Question

1130 chapter 16 vector calculus
13 - 18 match the vector fields f with the plots labeled i - vi. give reasons for your choices.

1. f(x,y)=(x, - y)
2. f(x,y)=(y,x - y)
3. f(x,y)=(y,y + 2)
4. f(x,y)=(y,2x)
5. f(x,y)=(sin y,cos x)
6. f(x,y)=(cos(x + y),x)

Explanation:

Step1: Analyze the vector - field $\mathbf{F}(x,y)=(x, - y)$

At the origin $(0,0)$, the vector is $\mathbf{F}(0,0)=(0,0)$. For positive $x$ - values and positive $y$ - values, the $x$ - component of the vector is positive and the $y$ - component is negative. For positive $x$ - values and negative $y$ - values, both components are positive. By observing the behavior of the vectors in different quadrants, we can match it with a plot.

Step2: Analyze the vector - field $\mathbf{F}(x,y)=(y,x - y)$

When $y = 0$, the vector is $\mathbf{F}(x,0)=(0,x)$. When $x = 0$, the vector is $\mathbf{F}(0,y)=(y,-y)$. Analyze the direction and magnitude of vectors at key points and in different regions of the $xy$ - plane.

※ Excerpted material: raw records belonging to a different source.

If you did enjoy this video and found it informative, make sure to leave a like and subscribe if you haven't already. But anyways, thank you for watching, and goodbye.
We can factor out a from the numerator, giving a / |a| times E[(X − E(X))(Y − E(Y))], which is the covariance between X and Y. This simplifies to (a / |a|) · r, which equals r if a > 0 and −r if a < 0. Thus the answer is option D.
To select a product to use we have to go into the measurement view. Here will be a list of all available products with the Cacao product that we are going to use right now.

Step3: Analyze the vector - field $\mathbf{F}(x,y)=(y,y + 2)$

The $x$ - component of the vector depends only on $y$, and the $y$ - component is a linear function of $y$. When $y=-2$, the $y$ - component of the vector is $0$. Analyze the behavior of vectors for different $y$ - values.

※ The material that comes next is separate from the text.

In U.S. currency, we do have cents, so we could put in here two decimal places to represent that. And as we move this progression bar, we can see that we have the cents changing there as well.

Step4: Analyze the vector - field $\mathbf{F}(x,y)=(y,2x)$

If $x = 0$, the vector is $\mathbf{F}(0,y)=(y,0)$. If $y = 0$, the vector is $\mathbf{F}(x,0)=(0,2x)$. The direction of the vectors changes depending on the signs of $x$ and $y$.

Step5: Analyze the vector - field $\mathbf{F}(x,y)=(\sin y,\cos x)$

The $x$ - component $\sin y$ has a period of $2\pi$ with respect to $y$, and the $y$ - component $\cos x$ has a period of $2\pi$ with respect to $x$. Analyze the values of the components at $y = 0,\pm\pi,\pm2\pi$ and $x = 0,\pm\pi,\pm2\pi$.

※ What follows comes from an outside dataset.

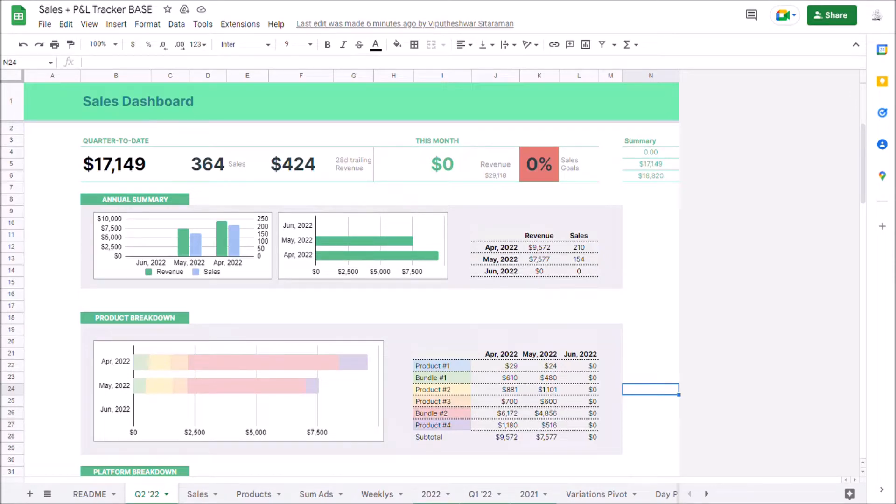Alright, in this video we're going to walk through how to track your sales, profit and loss in Google Sheets.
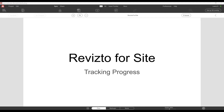Hi everyone, my name is Lewis, I'm from Revisto and today I'm going to be showing you how we can use Revisto 5's new functionality to start tracking progress on site. In this example it will be tracking site progress for concrete pours but it could be anything really. You could use this process to mark areas that have been signed off from the design team, or trade contractors could mark areas that they've finished working in, allowing the next trade to move in and complete their work.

Step6: Analyze the vector - field $\mathbf{F}(x,y)=(\cos(x + y),x)$

The $x$ - component $\cos(x + y)$ has a period of $2\pi$ with respect to $x + y$, and the $y$ - component is $x$. Analyze the behavior of the vectors for different values of $x$ and $y$ such as when $x + y=0,\pm\pi,\pm2\pi$.

Since we don't have the actual matching results provided in the question - asking for which plot matches which vector field, we assume we are just showing the general process of analysis. If we were to actually match:

1. $\mathbf{F}(x,y)=(x, - y)$: The vectors point away from the origin in a way that in the first quadrant $(x>0,y>0)$ they point down - right, in the second quadrant $(x<0,y>0)$ they point down - left, in the third quadrant $(x<0,y<0)$ they point up - left and in the fourth quadrant $(x>0,y<0)$ they point up - right.
2. $\mathbf{F}(x,y)=(y,x - y)$: Analyze the vectors at points like $(x = 0,y = 0),(x = 1,y = 0),(x = 0,y = 1)$ etc.
3. $\mathbf{F}(x,y)=(y,y + 2)$: When $y=-2$, the $y$ - component of the vector is zero.
4. $\mathbf{F}(x,y)=(y,2x)$: Vectors have different directions based on the signs of $x$ and $y$.
5. $\mathbf{F}(x,y)=(\sin y,\cos x)$: Due to the periodic nature of $\sin y$ and $\cos x$, the vectors have a repeating pattern in the $y$ and $x$ directions respectively.
6. $\mathbf{F}(x,y)=(\cos(x + y),x)$: The $x$ - component is periodic in $x + y$ and the $y$ - component is linear in $x$.

Answer:

Without the actual matching of plots to vector - fields given in the problem statement, we cannot provide a specific final answer for which plot matches which vector field. The above steps show the general method for making such a match.